O instalado debate sobre a justeza ou não justeza do Acordo assinado por alguns sindicatos com o ME tem estado centrado, sobretudo, em contas de somar e de subtrair e na tentativa de apuramento do respectivo saldo. Não digo isto em tom irónico nem para menorizar essa discussão. Penso, todavia, que esse debate não é o mais importante, e penso isso por duas razões:
1. Este género de balanço entre o deve e o haver permite sempre múltiplas conclusões moldáveis aos pressupostos de que se parte. Permite, por exemplo, que o termo de comparação seja aquele que mais convém: já li que o conteúdo do Acordo deve ser comparado com a situação que Maria de Lurdes Rodrigues deixou, e que não deve ser comparado com a situação existente antes de Maria de Lurdes Rodrigues. É claro que se a lógica argumentativa for esta teremos sempre de concluir que o medíocre, por mais medíocre que seja, se transforma em bom, se comparado com o mau ou com o péssimo. Se a lógica for esta, percebe-se, então, a satisfação de alguns, pois como o que existia era o pior possível, a «vitória» era garantida, por mais medíocre que fosse o resultado alcançado ou a alcançar;
2. Mas, na minha opinião, a razão determinante porque não devemos ficar centrados na contabilidade é esta: o que estava em jogo era demasiado grande, era demasiado importante para poder ser reduzido a saldos de somas e de subtracções ou para poder ser reduzido a comparações esdrúxulas.

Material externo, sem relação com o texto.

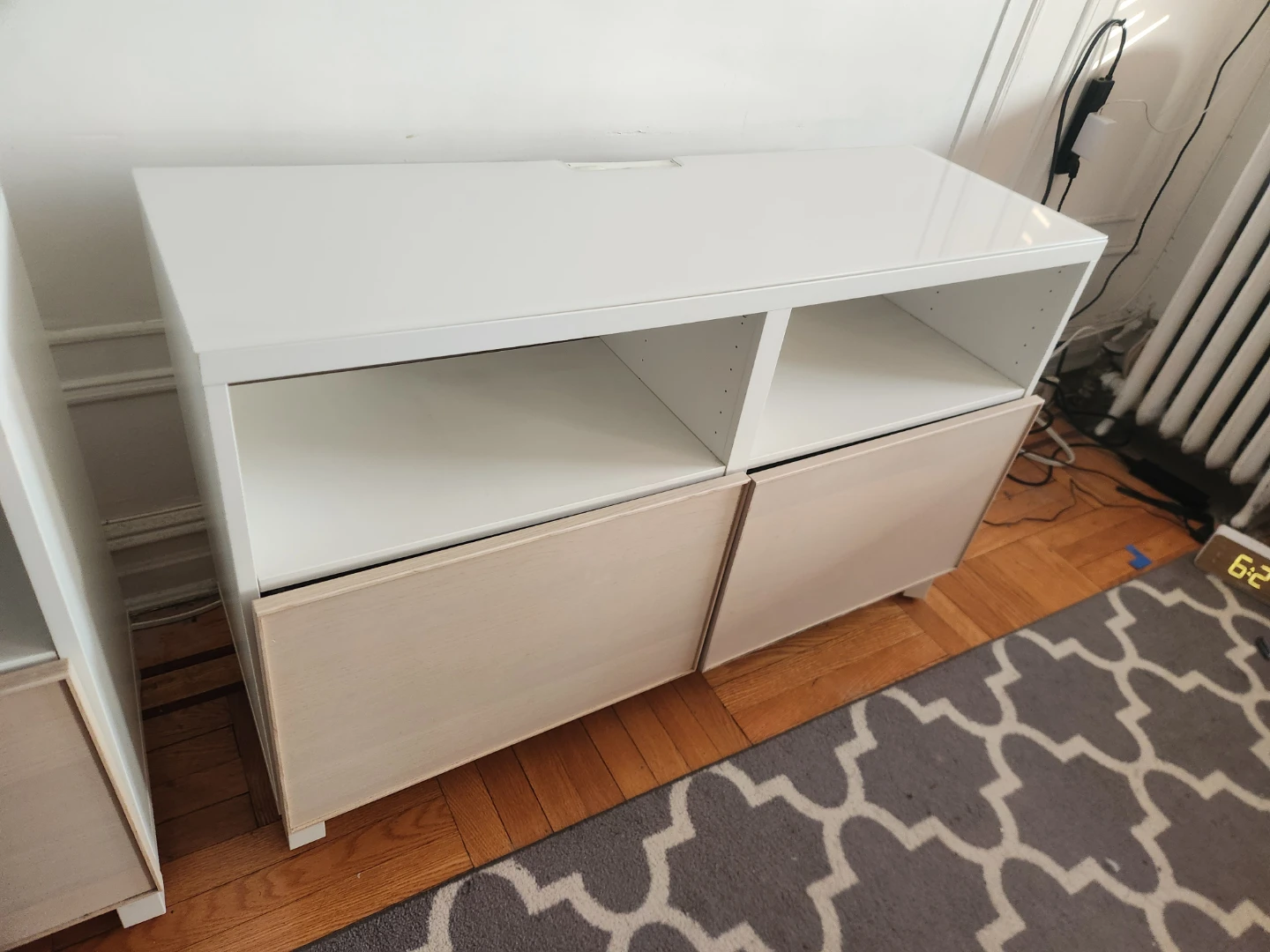 Ikea Besta Media Console, in white and "oak" - photo 3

O que estava, verdadeiramente, em jogo era a dignidade de uma classe profissional, era a dignidade de milhares de profissionais. Que ou era recuperada ou não era recuperada. A dignidade profissional não é susceptível de ser trinta por cento recuperada ou dois terços ou quatro quintos recuperada. Ou a recuperamos por inteiro ou não a recuperamos.
Os professores foram, durante quatro anos, objecto de enxovalho público intencional. Nenhuma profissão, até hoje, em Portugal, tinha sido alvo directo de um ataque tão desvairado à sua dignidade profissional, como foi a dos professores. Nenhuma profissão, até hoje, em Portugal, tinha ficado à mercê da mais absoluta incompetência técnica e política de que há memória na governação portuguesa. Os professores foram cobaias de um incontido aventureirismo e da total irresponsabilidade de políticos que assumiram funções sem terem a mínima preparação para as assumir.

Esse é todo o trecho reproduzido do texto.